“Religion” is the reason most people cite for their opposition to same-sex marriage. Big surprise: that was the most common reason we heard when talking to people on the phone banks with MN United.
But a pretty clear indication that most people still don’t understand that their religious beliefs cannot be imposed on others by law in this country. Your religion opposes same-sex marriage? Fine, then don’t get one, and no one will force your church to perform one either. That’s part of the definition of religious freedom.

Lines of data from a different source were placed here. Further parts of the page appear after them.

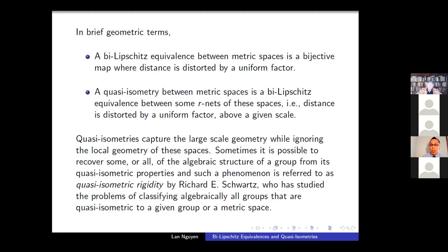Quasi-isometry captures the large-scale geometry — basically the geometry from afar, like standing at infinity, by ignoring local geometry of these spaces. Sometimes it is possible to recover some or all of the algebraic structure of a group from its quasi-isometric properties; such a phenomenon is referred to as quasi-isometric rigidity, by Richard Short, who studied the problem of classifying algebraically all groups that are quasi-isometric to a given group or metric space.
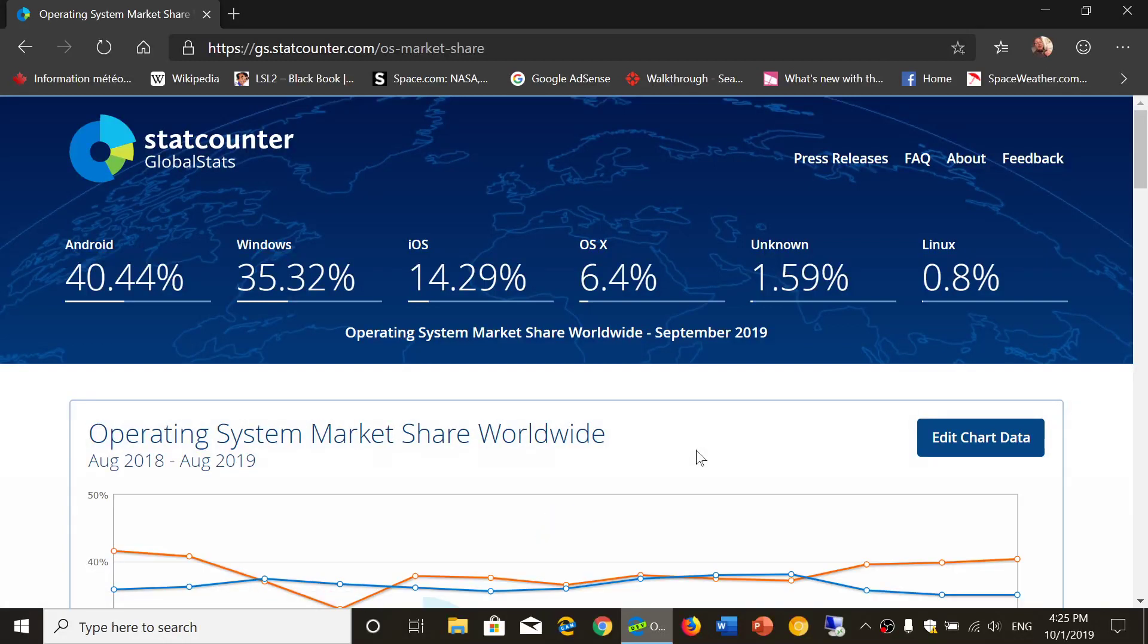Welcome to the Tech for Everyone channel. Every month we take a look at the different operating systems around the world for different devices and where they are at in popularity and market share.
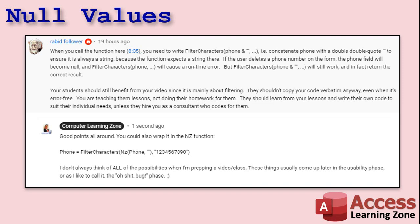So I was focused mostly on the filtering aspect of it. But yeah, we've got a problem if someone blanks that phone number field. Let me show you.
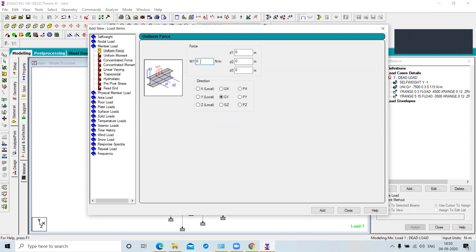For a UDL representing wall weight resting on the beam: in the last class you gave the answer — we multiply the wall volume by the density. Not concrete density, but the density of brick, because a wall is made up of bricks. That result is your W1 value.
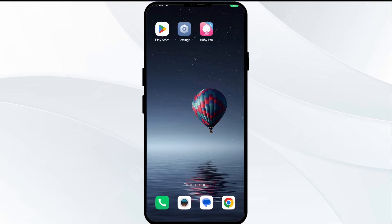Hello everyone and welcome back to our YouTube channel. In this video, we will guide you through the process of solving issues with the VTech Baby Pro app not working. Without further delay, let's dive into the solutions.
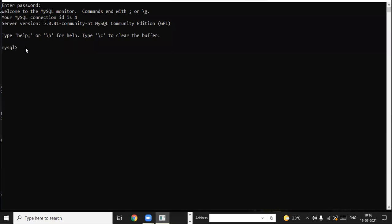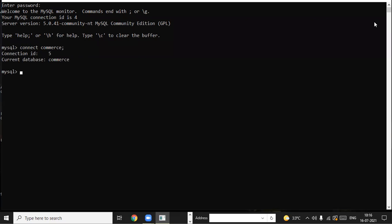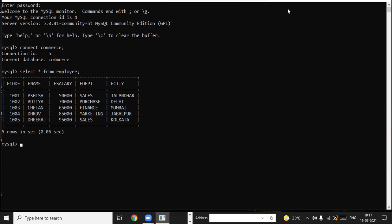Yesterday we created one database with the name 'commerce' and one table with the name 'employee'. Continuing with that concept, let me connect with the database. Since you have already created the database and want to reopen it, you reconnect with the command 'connect database_name'. We get connected to the database successfully. This was the table that we created yesterday, so I have displayed the table in front of you.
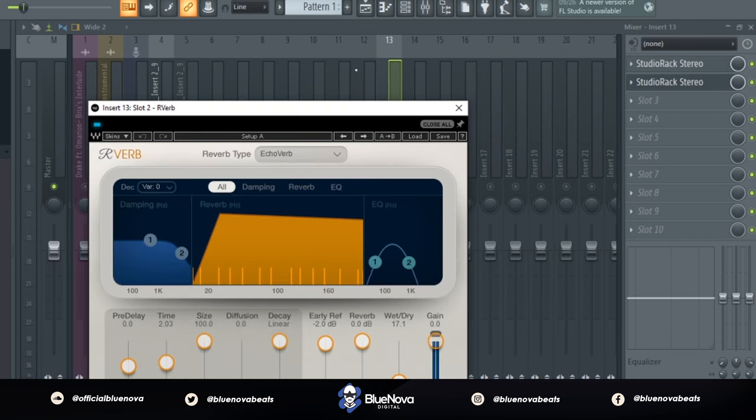Next up we want to put an R-verb with the reverb type as an echo verb and this is what it sounds like with it.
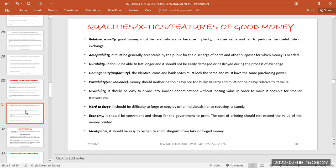The next feature is acceptability. For money to discharge any debt, it must be legally accepted by the public. Acceptability is when the public is in agreement with whatever transactions are supposed to be done using the money. It must be generally acceptable by the public for the discharge of debts and other purposes for which money is needed.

But accept that you live in a country with religious plurality that happens to be a democracy, not a theocracy, and therefore you can’t impose your religious belief on others. There are plenty of people that belong to religions different from yours, for whom same-sex marriage is perfectly acceptable; in addition, plenty of people of no religion don’t feel a compelling need to adopt your religious opinion or the belief-based reasons behind it, and will resent you trying to force it on them.
And it happens to be unconstitutional too.
One more thing: a majority of Americans are now in favor of same-sex marriage, so your opinion is in the minority: now, I should stress that we don’t have a “majority rule” mentality on this, since protection of minorities against the majority is one of the major principles we like to defend. But it does point out the fact that your opinion on this is slowly disappearing into the fog of discriminatory history.
Fine, you won’t attend their weddings. I’m sure they’ll get over it.
Separation of Church and State: it’s not just a great idea, it’s the law. For your protection as well as ours.